📝 AITAH for talking to my best friends ex

By Left-Expression-6717 • Score: 5 • April 11, 2025 4:55 AM


Background: My best friend Terese(39F) and I (35F) have been friends for 7 years, bonding when we had our daughters a the same time (both 6F) they have become best friends. Her partner Kyle(41m) is my friend from my ex husband (39m) and I have known Kyle 12 years. He is also my other friends Saras (39f) brother. Kyle has been with my closer friend group for 7 of those years. Terese and kyle are childhood sweethearts and rekindled 7 years ago. We had always hung out as two couples. I had seperated from my husband early 2024. They were on and off the past year but ended officially December 2025. Custody of our kids ended up being opposite weekends to eachother as her ex kyle has previous kids.

Problem started when I had to see Kyle alone so we can have our girls spend time together. So this was the first time we had not seen eachother outside our friendship group. We just chatted while our kids played. A week later we had a cyclone in our city and my back fence was broken so I asked Terese if I could ask her landscape carpenter ex Kyle to help me fix it. She said no problem. And I asked him directly. It took a few weeks but we agreed on a day we both had off. He came and fixed the fence and left. The afternoon he messaged and asked if I wanted to have coffee with him as I was really easy to talk to.

I was a little taken back but assumed he meant he needed someone to talk to as he didn't have any friends that knows what's going on with everything. I lied and said I had to work because I only wanted to see him around the kids, but if he wanted to get coffee another time if he needed to talk let me know.

A week later school holidays are up and again unfortunately we had the kids in the same week as her ex. So my daughter nagged me to see her best friend so I messaged him to ask to go to a local playground so they can play. He agreed.

This is where i went wrong i believe, That afternoon, Kyle randomly messaged me saying I know we don't have the kids tonight do you want to hang out. I reluctant agreed seeing what he wanted to do. said dinner at the pub. And after asking what tine kyle added he would pick me up at 6.

This ending comment made me feel a little uneasy but did not want to jump to conclusions and rang the guy im seeing Mitch (35m) and asked his opinion. He said just make it clear its as friends and see how he reacts. I rang my friend terese and told her what happend and just to let her know before she thought anything of it. Terese told me she had a fight with Kyle earlier that very day after finding out we had planned a play date and warned him of not trying to hook up with me. This was a shock to me and I felt angry that his first thought was to ask me out alone. I told him just to make sure u know its just friends and you need to talk. KY kyle cancelled. Shocker. I rang Terese back and caught her up. She said she didn't mind us being friends but not to hook up with him. As this wasn't even going through my mind I didn't think much of it. But angry that he could be getting the wrong idea.
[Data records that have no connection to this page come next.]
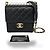 Clutch de aba Chanel Chic Pearls com corrente em pele de cordeiro acolchoada Mini Preto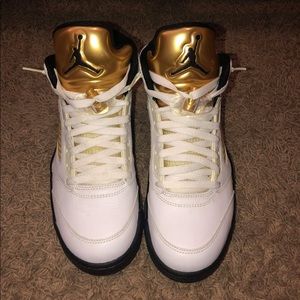 Jordan 5 retro size 9.5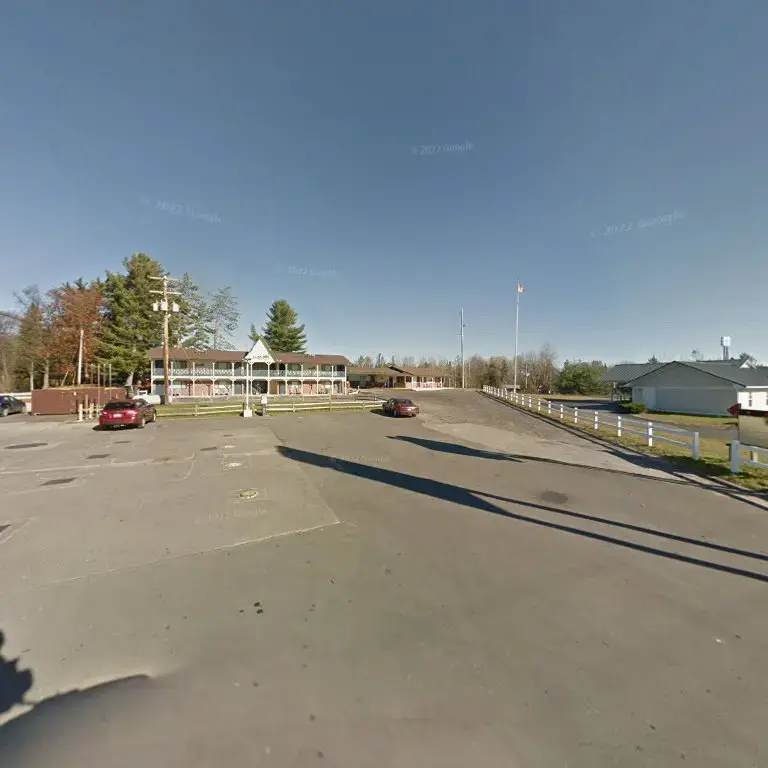 Waterway Laundry Service thumbnail 2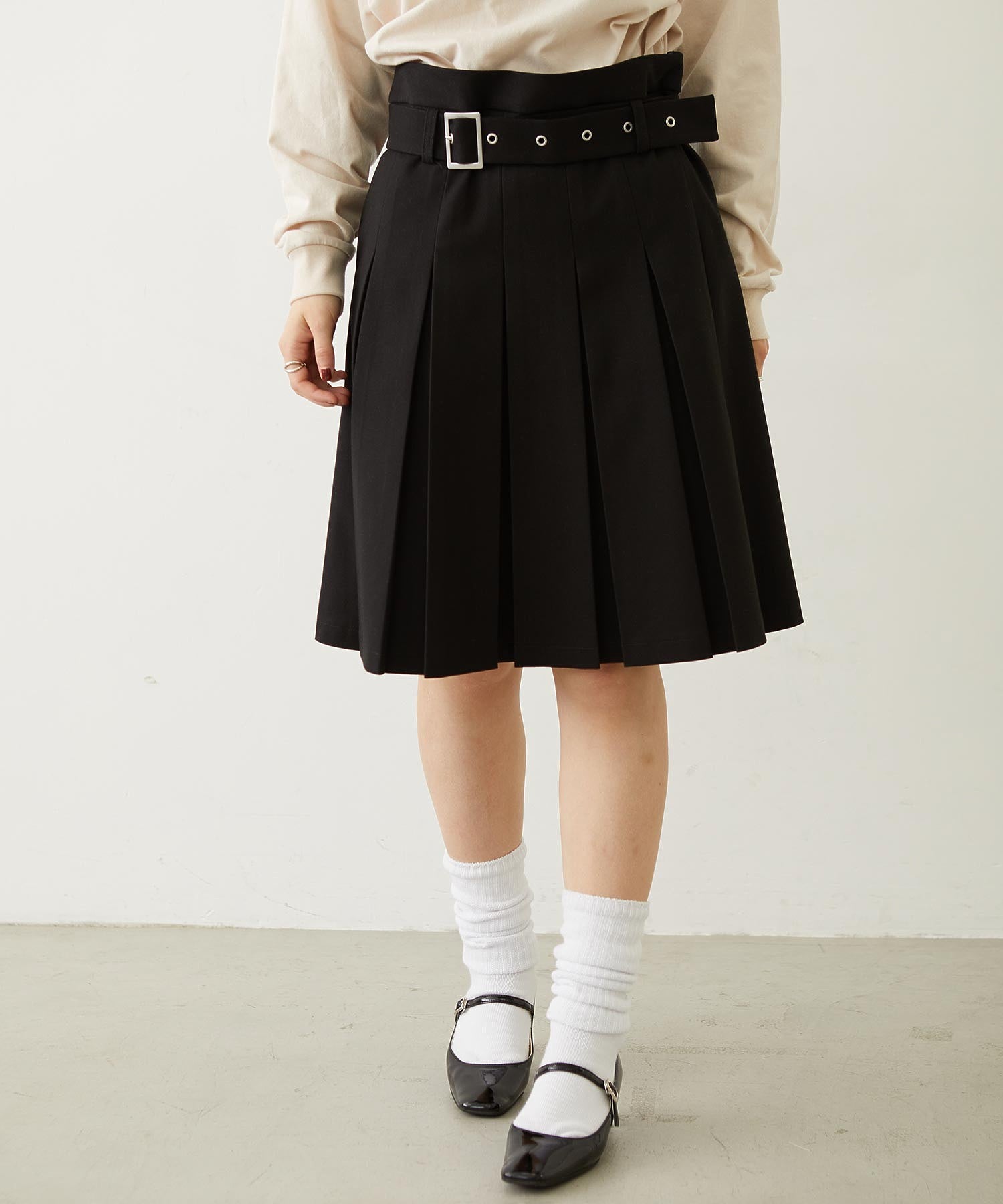 BELTED PLEATED SKIRT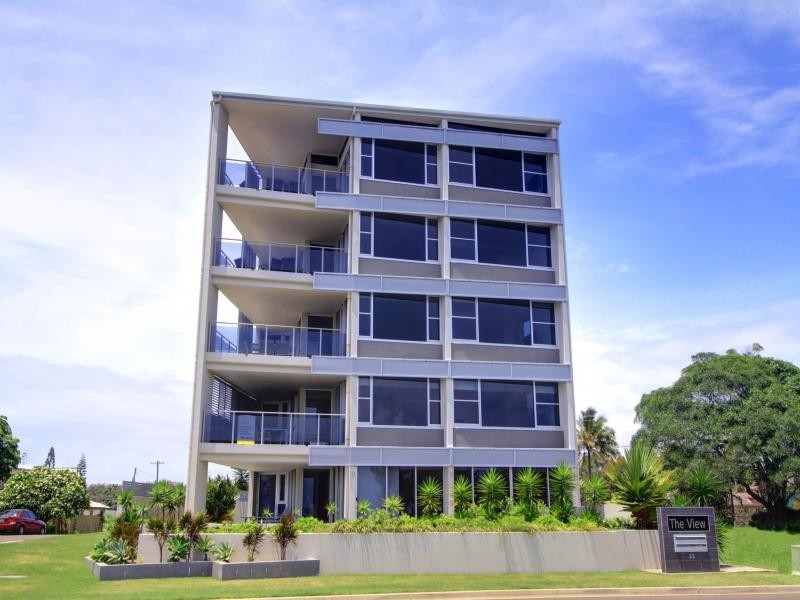 3/33 Esplanade, Bargara QLD 4670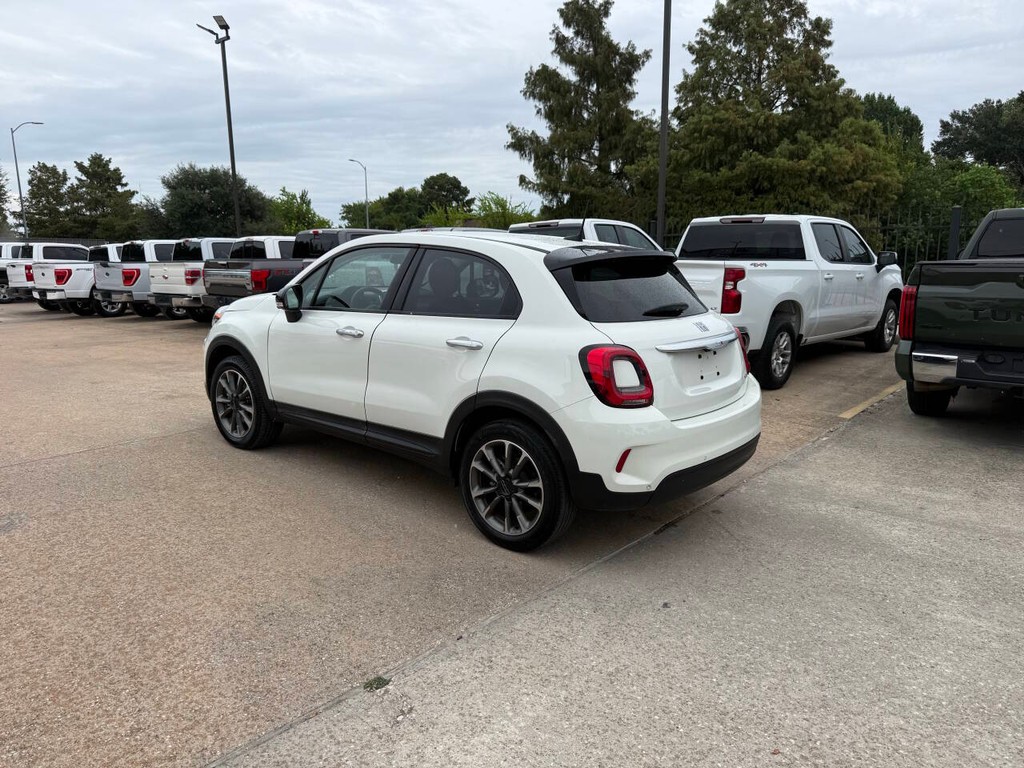 FIAT 500X Vehicle Full-screen Gallery Image 04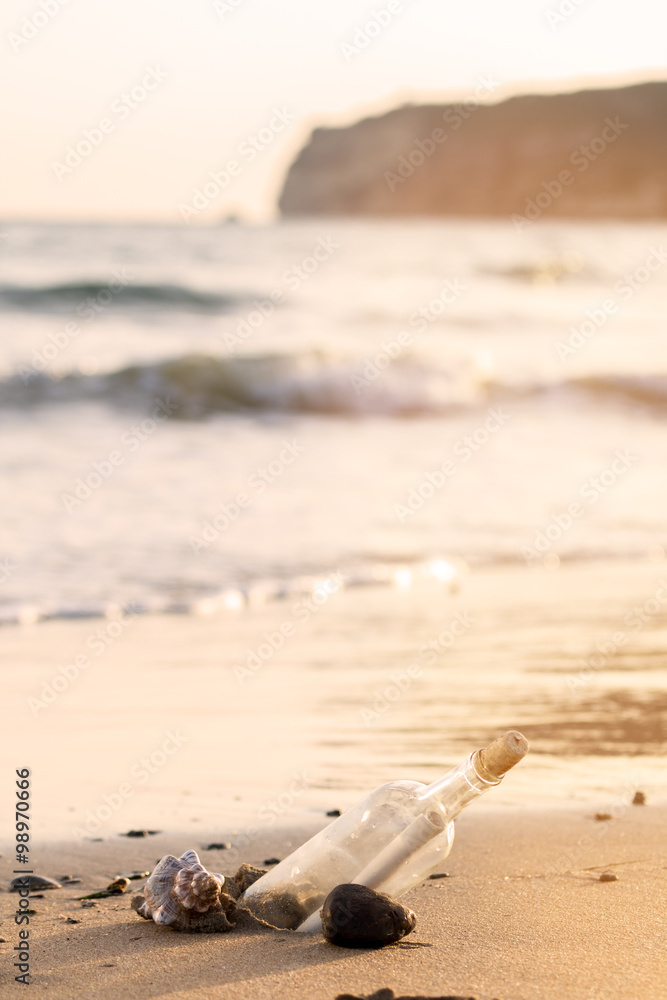 Obraz premium Message in a Bottle on the beach 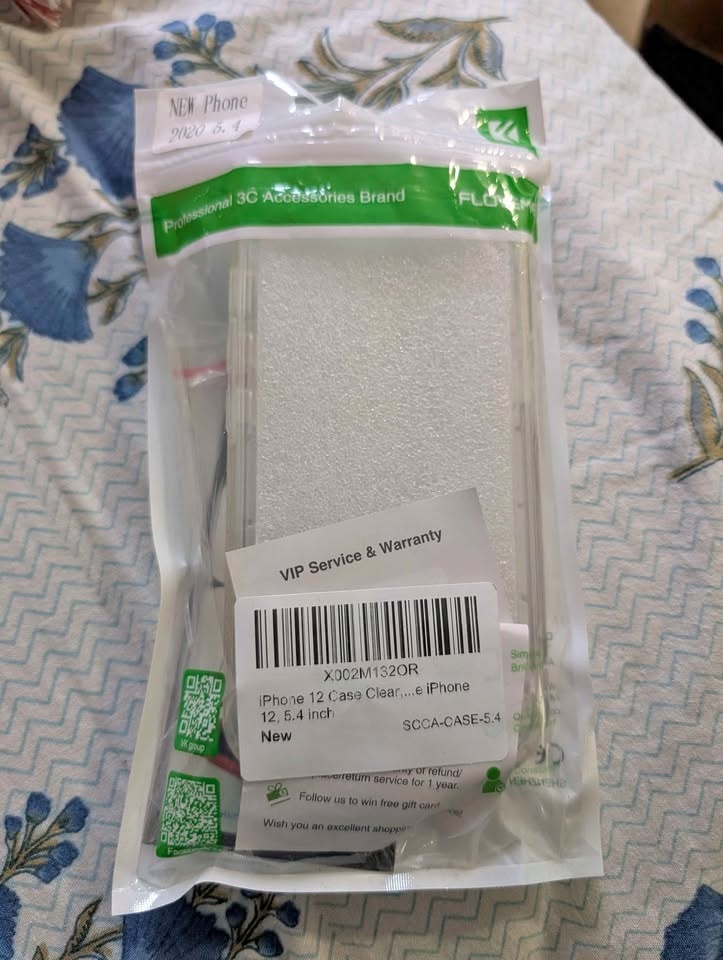 iPhone 12 Clear hard case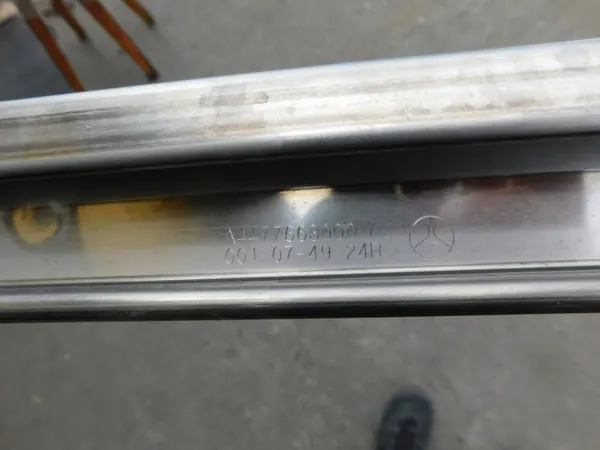 Mercedes Vito Viano W447 skjutdörrsskena OEM A4477663000 image 3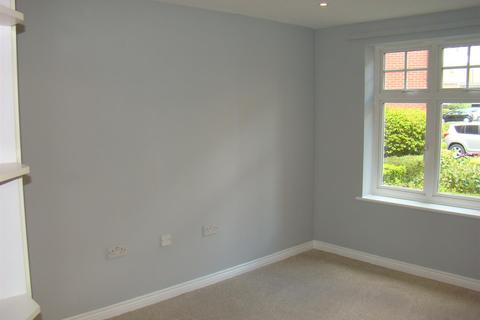5 Beckets View, Northampton, NN1 5NQ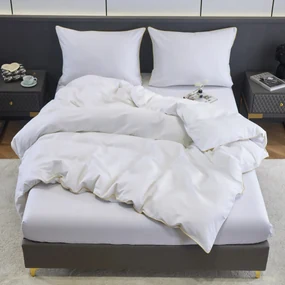 Dekorstudio Elegantné posteľné obliečky s lemovkou PGW - 03 v bielej farbe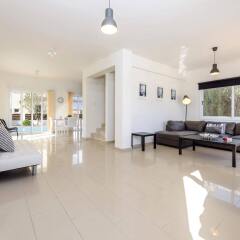Отель Villa Atlas Кипр, Протарас - отзывы, цены и фото номеров - забронировать отель Villa Atlas онлайн комната для гостей фото 2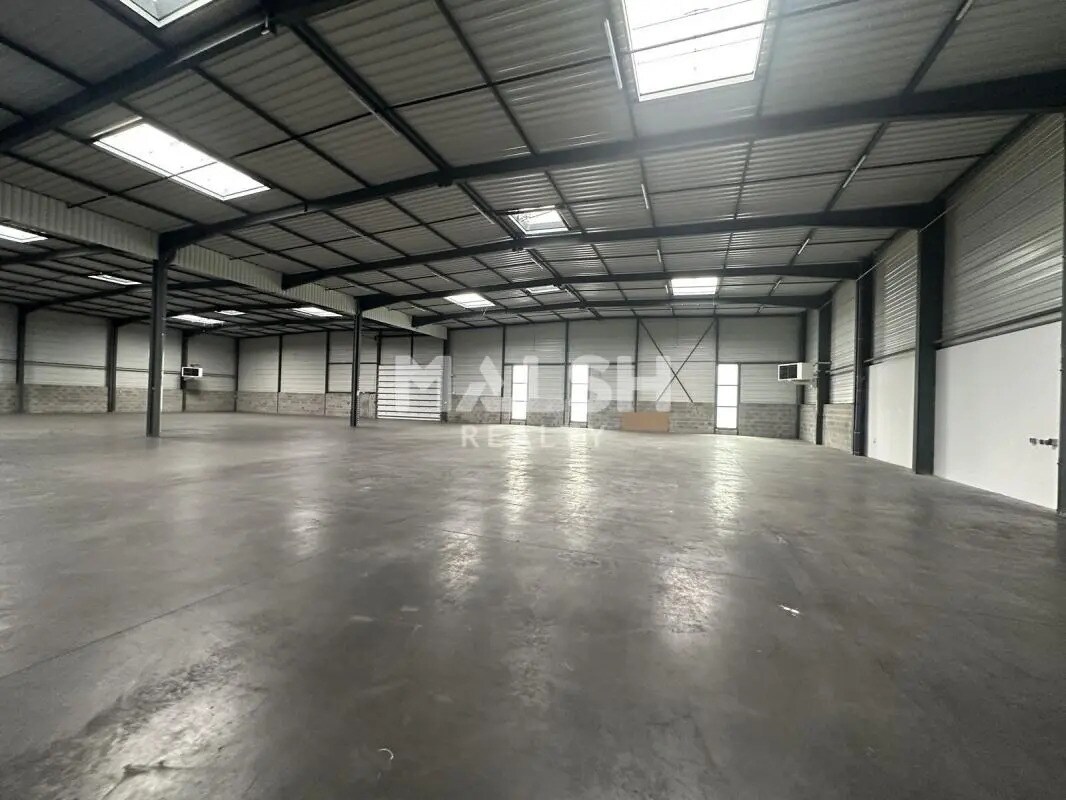 Office in Saint-Priest to rent Interior Photo- Image 1 of 13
The next day terese messaged me and said she cannot be my friend anymore and that I have been hiding seeing Kyle behind her back and a friend wouldn't do that. I was shocked as I hadn't seen him without her knowledge and as far as I knew she didn't care if I were friends with him. She got the other girls in my group (2others which are also his sisters sarah and Nina) against me now and they all have stopped talking to me. I have found out since he told all three that we had gone for a coffee together to chat (which is not true at all) But I have not thought of him like that at all and I felt blindsighted and stupid I did not see that he was hitting on me to get back at her. If that is what was going on.

AITH for talking to my friends ex even though she said she was ok with us being friends?